Outlier treatment in R

outliers

#1

Hello,

I am not able to understand the basic methodology of outlier treatment. I know that we should treat the outliers separately in the statistical model if their number is significant.
Do we need to remove all outliers from a sample or just reducing their number significantly would work?
What is the basic idea?

Thank you.


#2

Hello @Aditya_Sharma,

Outlier treatment is a very important part of an Analytics Process and proper treatment is absolutely necessary so that the model is appropriate.
There are lots of statistical methods like Capping/Flooring, Sigma approach, Exponential
Smoothing, Mahalanobis distance and the Robust Regression approach.
But you really need to understand the data and the ‘story’ behind the outliers.
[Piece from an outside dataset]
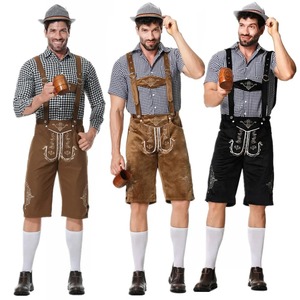 Chemise à carreaux bavaroise pour homme avec broderie, short marron et noir taille mi-haute, tenue décontractée - Product Image 1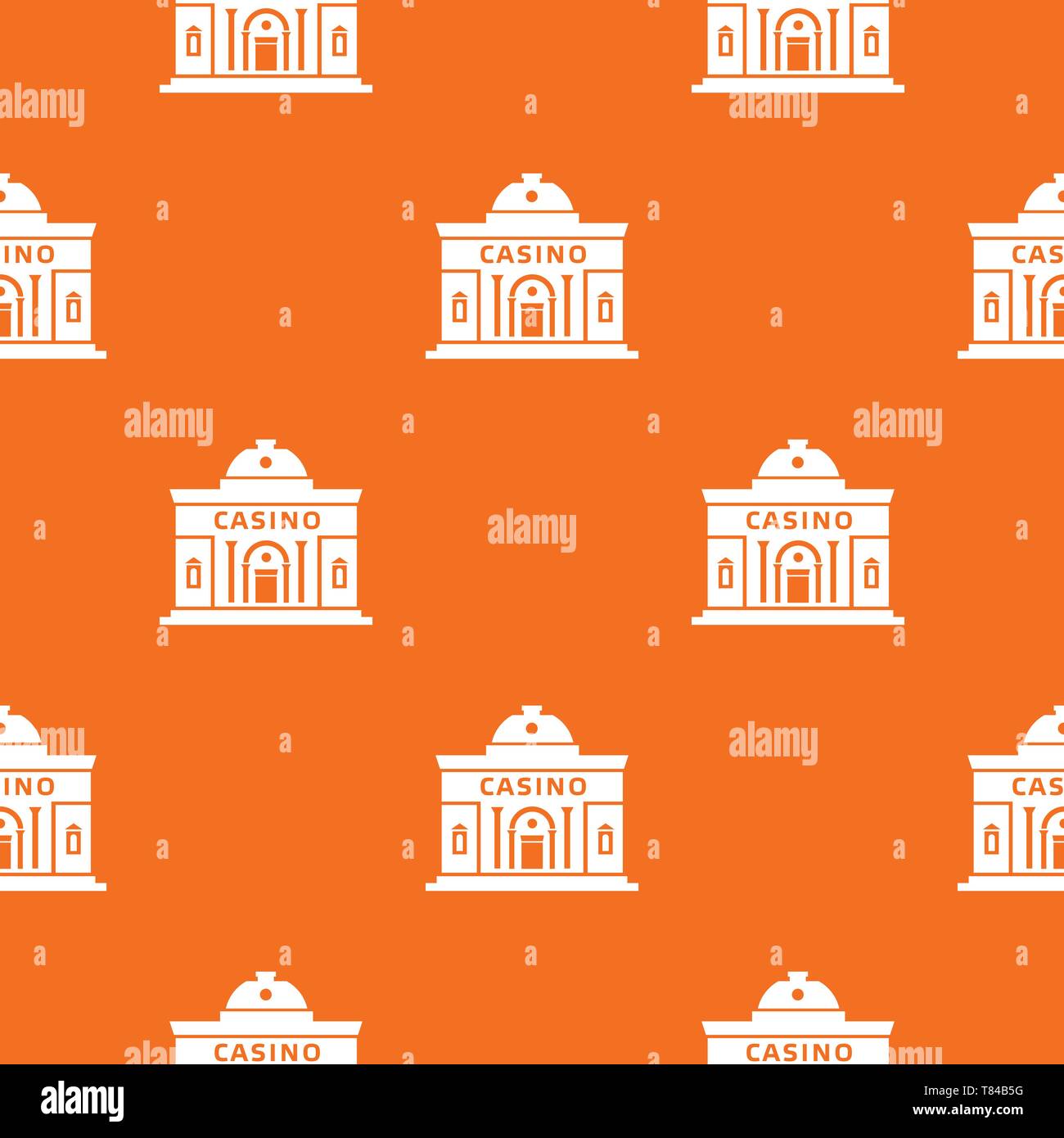 Casino building pattern vector orange Stock Vector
For example in a clustering problem where you get clusters of stores of a retailer spread across india(according to some factor/s-sales/sq.ft) there might be 4-5 stores which have very high values compared to the rest of the population.But on investigation you find that these stores just have smaller area than the others.Thus in this case though you can term them as outliers,it may not be wise to exclude them.
Consider another case where you are finding the relationship between the GDP of a country and internet penetration per 100 users.The plot looks:

You might be tempted to think that Norway may be an outlier if you just consider the GDP or penetration variables,but together they really are significant for the hypothesis in this case:more GDP,more Internet Penetration.
But in some cases,it will be just right to drop the outliers.
So as you can see,the treatment really matters on the business case,the story of the data etc.
It is a vast topic and even I am not very conversant with all the methods to treat outliers,but one general thumb rule is if a data point is more than 3 s.d from the it is considered to be an outlier.
Hope this helps!!